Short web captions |
====================

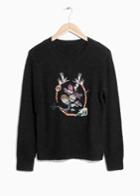 Other Stories Embroidery Mohair Sweater - Black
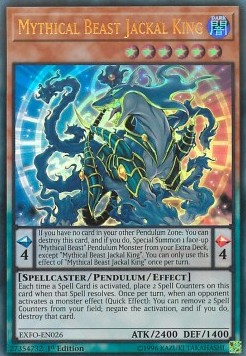 Mythical Beast Jackal King - Extreme Force (Ultra Rare) [EXFO-026]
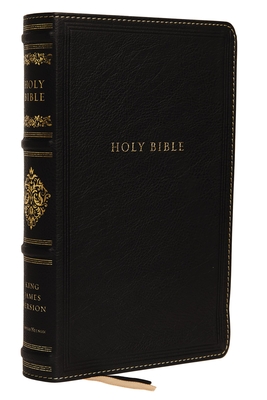 KJV, Personal Size Reference Bible, Sovereign Collection, Genuine Leather, Black, Red Letter, Thumb Indexed, Comfort Print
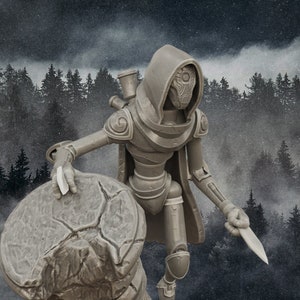 Six - Construct Assassin - Resin DnD Miniature - Stylized Mini for Tabletop - 32mm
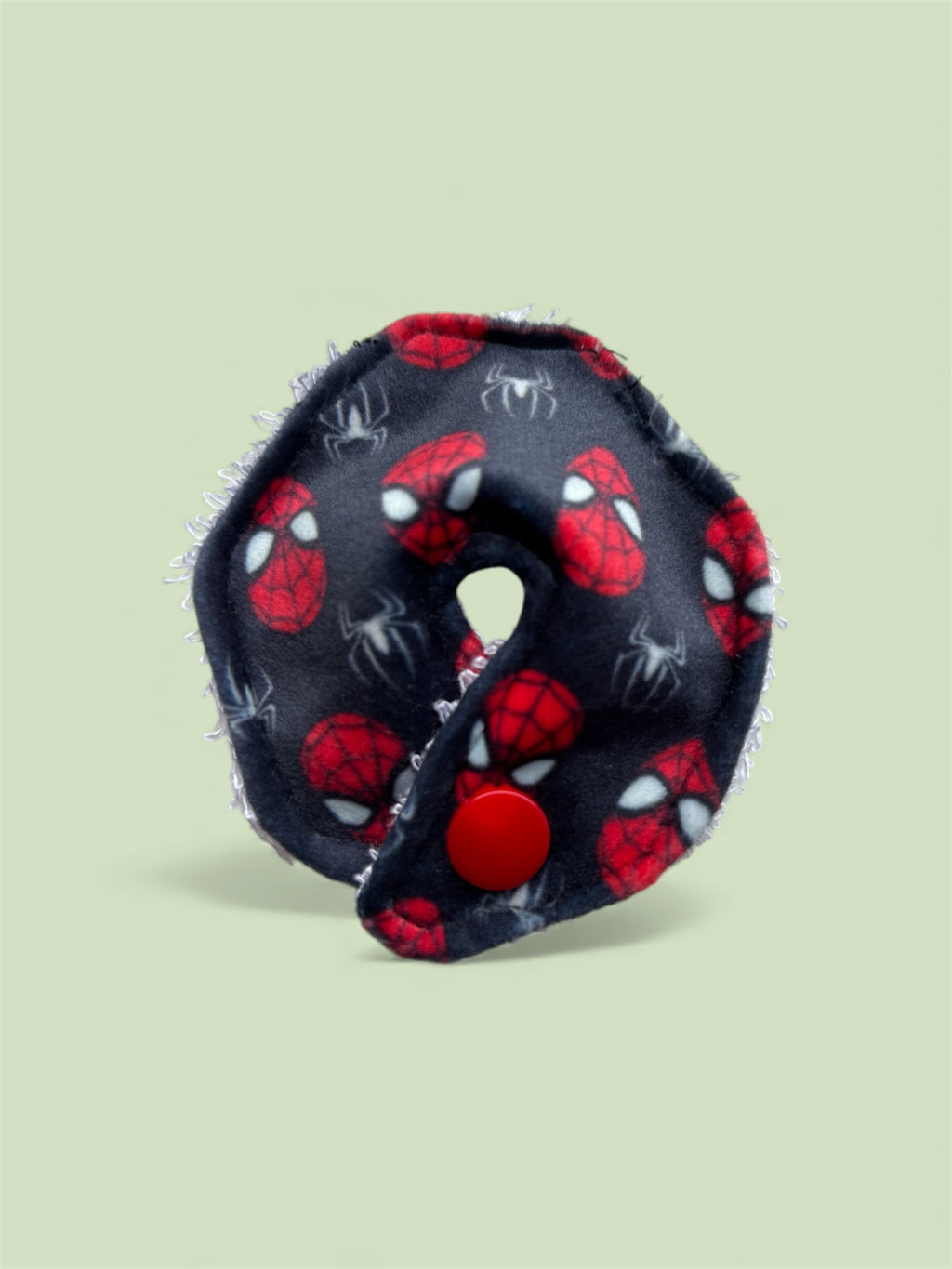 Spider guy tummy pad - MULTIPLE PATTERNS - absorbent soft g tube cover - stoma, catheter, feeding tube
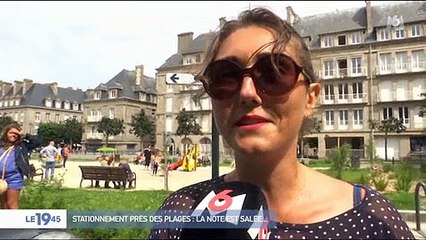 Le ras le bol des touristes qui payent très cher leur stationnement durant leurs vacances - Regardez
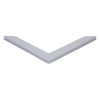 Door gasket profile 405-M in Grey, Front View. Replacement fridge door gasket produced by DSU Fridge Seal BV.
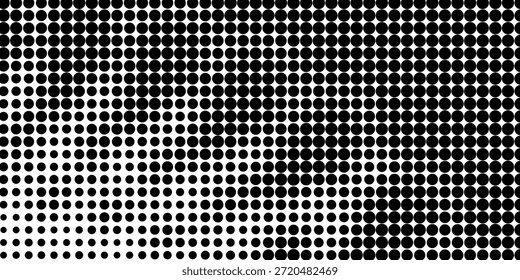 Abstract white and gray color background with halftone effect, dot pattern. Vector illustration.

====================

WHAT IS EXPECTED |
In the answer, the entries should be restated verbatim, with all pictures omitted.

SOLUTION TO THE PROBLEM |
 Other Stories Embroidery Mohair Sweater - Black
 Mythical Beast Jackal King - Extreme Force (Ultra Rare) [EXFO-026]
 KJV, Personal Size Reference Bible, Sovereign Collection, Genuine Leather, Black, Red Letter, Thumb Indexed, Comfort Print
 Six - Construct Assassin - Resin DnD Miniature - Stylized Mini for Tabletop - 32mm
 Spider guy tummy pad - MULTIPLE PATTERNS - absorbent soft g tube cover - stoma, catheter, feeding tube
 Le ras le bol des touristes qui payent très cher leur stationnement durant leurs vacances - Regardez
 Door gasket profile 405-M in Grey, Front View. Replacement fridge door gasket produced by DSU Fridge Seal BV.
 Abstract white and gray color background with halftone effect, dot pattern. Vector illustration.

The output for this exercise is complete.